» Problem
Required from the data below: the exact lines starting at the line containing "Новости Казахстана" and ending at the line containing "Art Turin Antracita Gold", with both ends kept and all pictures dropped.

» Extracted information
════════════════════
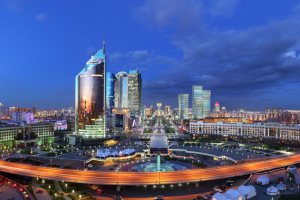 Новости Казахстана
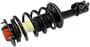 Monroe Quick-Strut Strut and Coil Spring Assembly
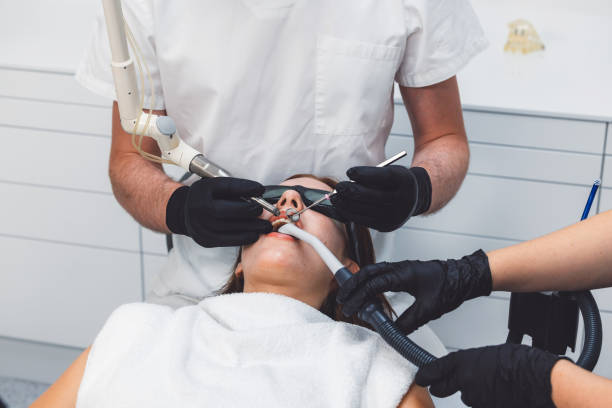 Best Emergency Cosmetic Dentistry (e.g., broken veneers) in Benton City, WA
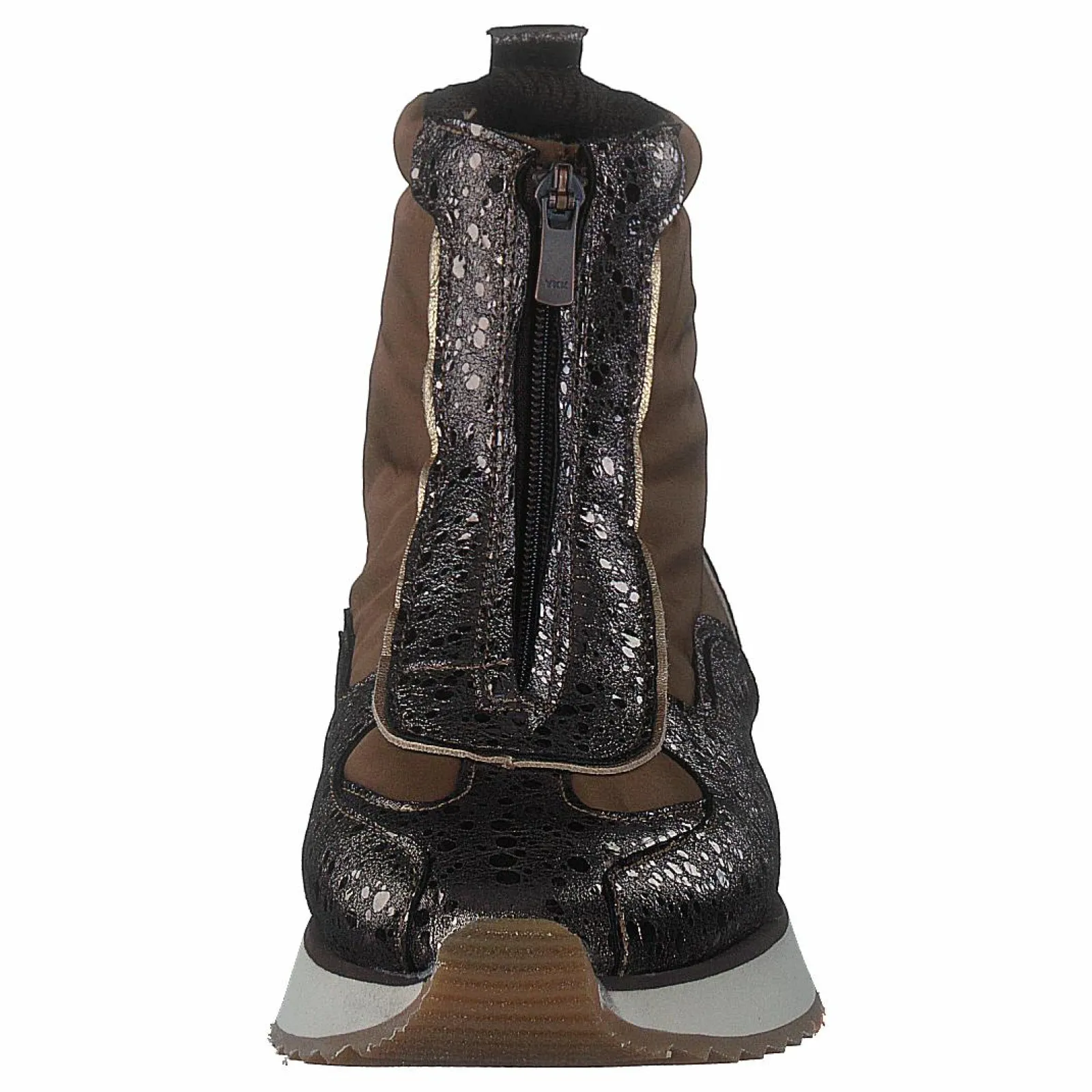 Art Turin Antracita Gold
════════════════════
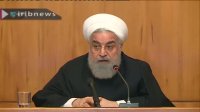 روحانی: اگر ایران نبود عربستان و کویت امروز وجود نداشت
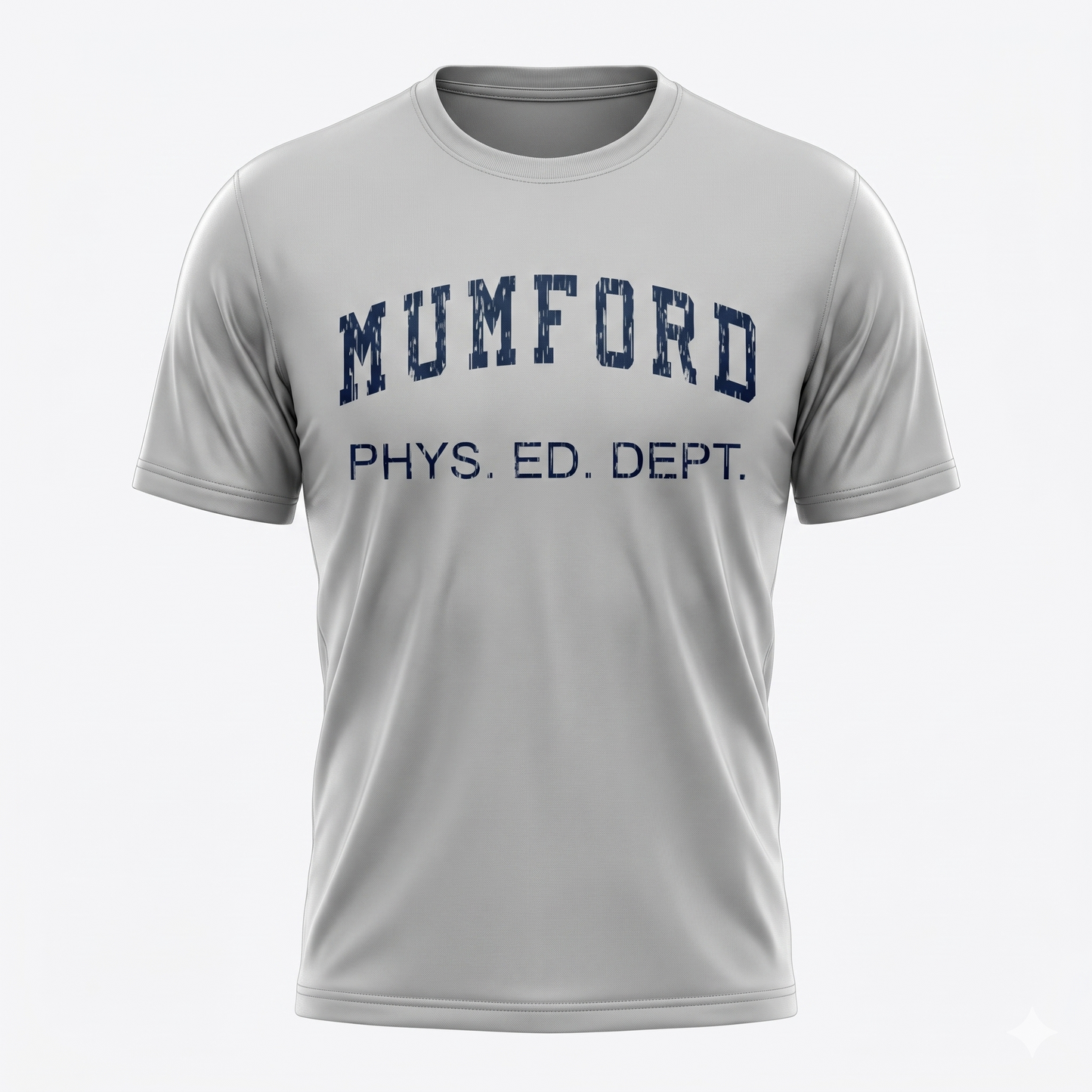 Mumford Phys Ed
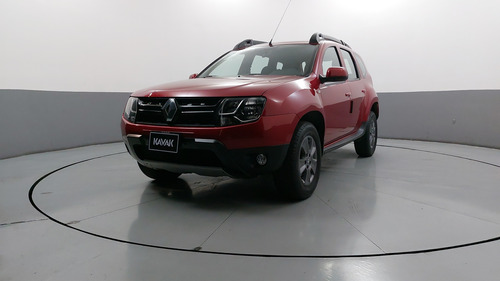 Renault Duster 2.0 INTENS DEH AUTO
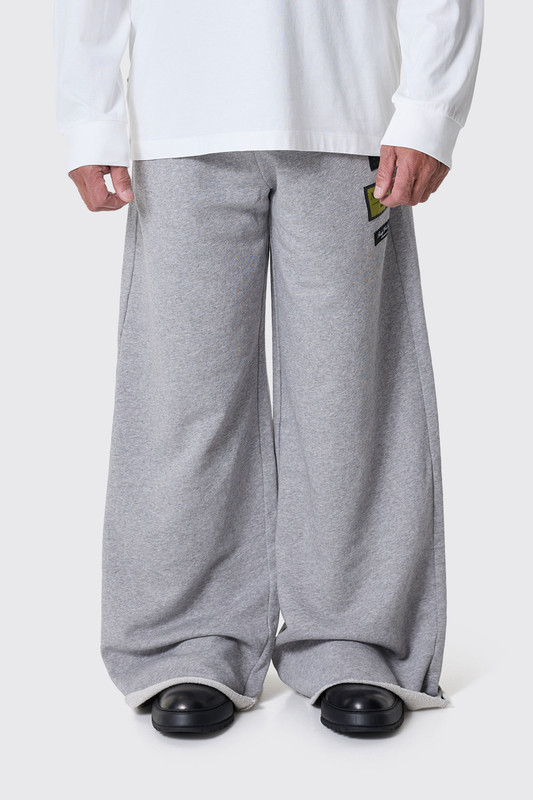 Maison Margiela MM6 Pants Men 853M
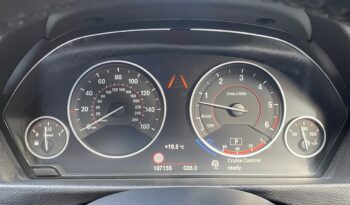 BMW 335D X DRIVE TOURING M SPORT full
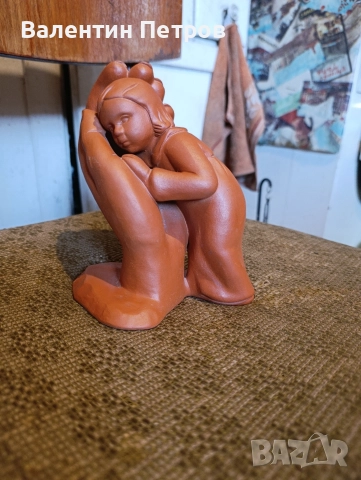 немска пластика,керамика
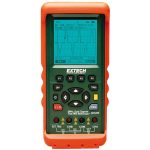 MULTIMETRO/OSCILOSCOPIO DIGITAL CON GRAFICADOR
════════════════════
» Problem solution
 Новости Казахстана
 Monroe Quick-Strut Strut and Coil Spring Assembly
 Best Emergency Cosmetic Dentistry (e.g., broken veneers) in Benton City, WA
 Art Turin Antracita Gold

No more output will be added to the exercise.